4.2 Behavior Over Time

Fig. 6 depicts our three main variables by round. These figures provide support for an additional Result 3.

Fig. 6
figure 6

Mean values and 95% confidence intervals by round

4.2.1 Result 3

Over time, review quality decreases in FWT but not in BT. Strategic downvoting becomes more severe over time.

Similarly to repeated public goods games, in FWT, we observe that the number of characters written decreases over time. In BT, the length of reviews does not decrease but stays constant. It seems that the existence of the bonus prevents a decrease in review quality. Participants do not shy away from writing long and qualitative reviews in spite of their reviews being voted down strategically. Learning does not play a role here as we find these long reviews until round 4 in BT. In Table 2, we report dummies for later rounds. Only for FWT they are overall negative and one of them gets significant while for the BT they are not significant at all. This support the results found in Fig. 5Footnote 26.

The pattern is mirrored if we look at helpfulness ratings from the survey. In FWT, these ratings show a downward trend while in BT they stay constant. To the contrary, the helpfulness ratings in the experiment show a very different pattern. While in FWT they correlate with the length of the review, in BT the helpfulness ratings sharply decrease over time instead of the length of reviews being high and constant, which again confirms our hypothesis on strategic downvoting.

5 Discussion and Conclusion

Both quantity and quality of customer-written product reviews have positive impacts on purchase intentions, sales, customer satisfaction, and welfare. Retailers and online platforms use different incentives to increase review quantity and quality. In our experiment, we focus on review quality and compare two different incentive schemes. Under the first incentive scheme, reviewers receive a flat salary per review, independent of the review’s quality.
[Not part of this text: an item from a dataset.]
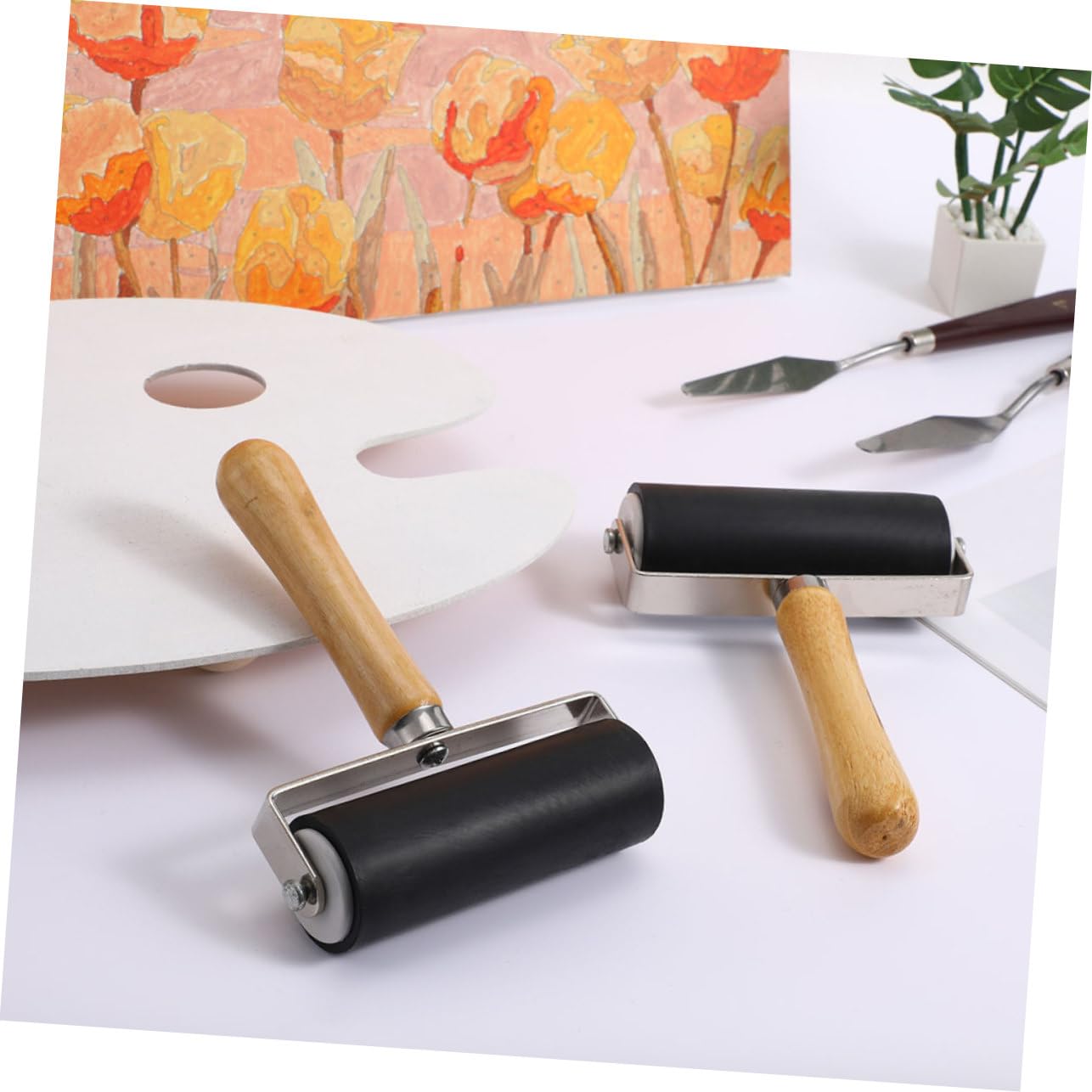 4 Piezas Rodillo de Plástico para Estampado de Herramienta de Pintura Multi Funcional Ligero y Duradero para y Aplicación de Tinta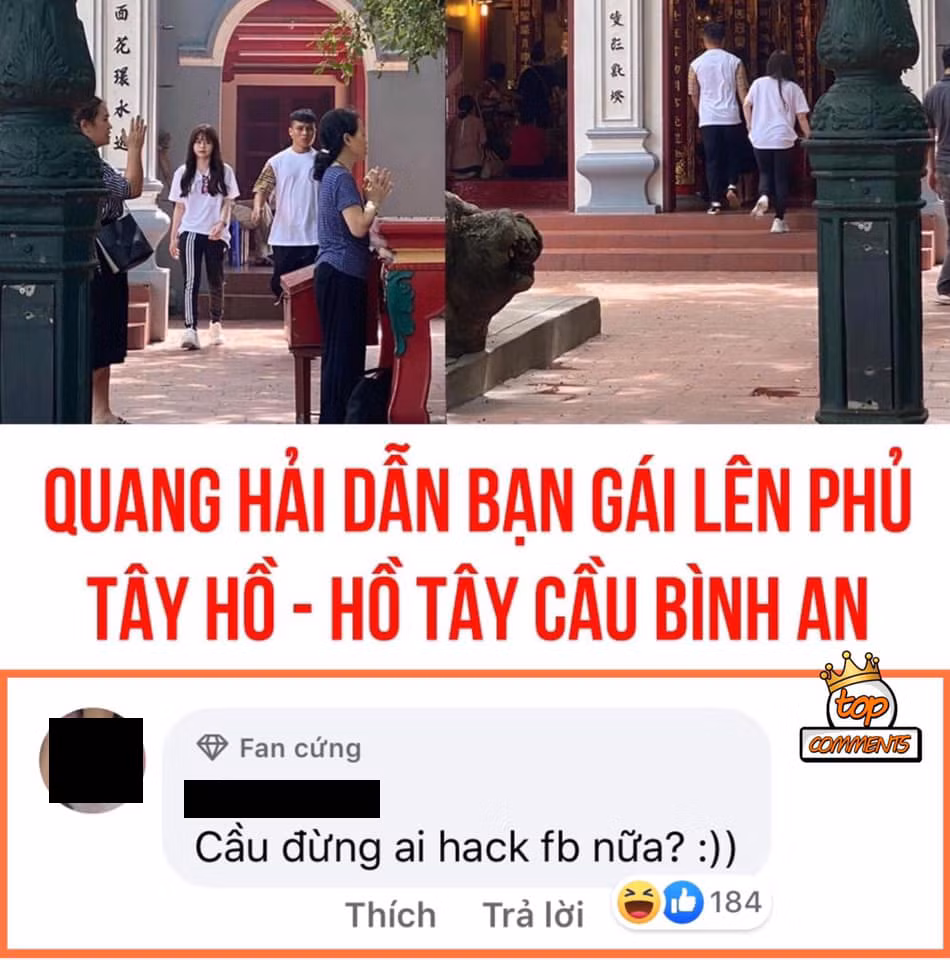 Mới đây nhất, trên một fanpage lớn có đăng tải hình ảnh cặp đôi Quang Hải - Huỳnh Anh bị bắt gặp đi chùa cùng nhau đã thu hút sự quan tâm đặc biệt từ dân tình.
Under the second incentive scheme, only the reviewer who wrote the highest-quality review receives a bonus.

Under both incentive schemes, helpfulness ratings are assigned by the other reviewers. Theory predicts that the bonus will lead to strategic downvoting. Reviewers will assign low helpfulness ratings to reviews written by others, because this maximizes the chances of winning the bonus. If reviewers anticipate strategic downvoting, the quality of reviews might deteriorate because of crowding-out effects and because helpfulness ratings do not express approval.

Our data shows that the quality-contingent bonus indeed leads to strategic downvoting. Although the data provides clear evidence for strategic downvoting, the bonus does not have a negative effect on review quality. Review quality remains constant in the presence of the bonus scheme but decreases over time when reviewers receive a flat salary.

We chose our two incentive schemes such that the expected monetary payoffs are identical. This allows us to rule out differences in expected payoffs as an explanation for the observed differences in review quality. Given that most retailers do not reward reviews with a fixed payment and most reviewers are paid nothing, we expect the difference in review quality to be even larger in the real world.Footnote 27

In our experiment, all participants write reviews and rate the quality of others’ reviews. In reality, there are four mutually exclusive roles: customers who write reviews and vote on the quality of reviews (“reviewers” as in our experiment), customers who write reviews and do not vote on the quality of reviews, customers who do not write reviews but vote on the quality of reviews (“voters”), and silent customers who neither write reviews nor judge the reviews’ quality (“silent customers”). Only “reviewers” have an incentive for strategic downvoting, but they are the minority, which may raise the concern that this could change our predictions. If the majority of votes are cast non-strategically, the impact of strategic downvoting may be quite small and strategic downvoting might not be a problem. However, this is not the case. Consider two reviews written by “reviewers”, who compete for a bonus given to the most helpful review. Assuming that the votes cast by “voters” are unbiased, both reviews will receive the same number of positive and negative helpfulness ratings from “voters”. The helpfulness ratings assigned by “reviewers” themselves will be decisive for determining who gets the bonus. The impact of strategic downvoting might be a problem in reality, even though “reviewers” are the minority.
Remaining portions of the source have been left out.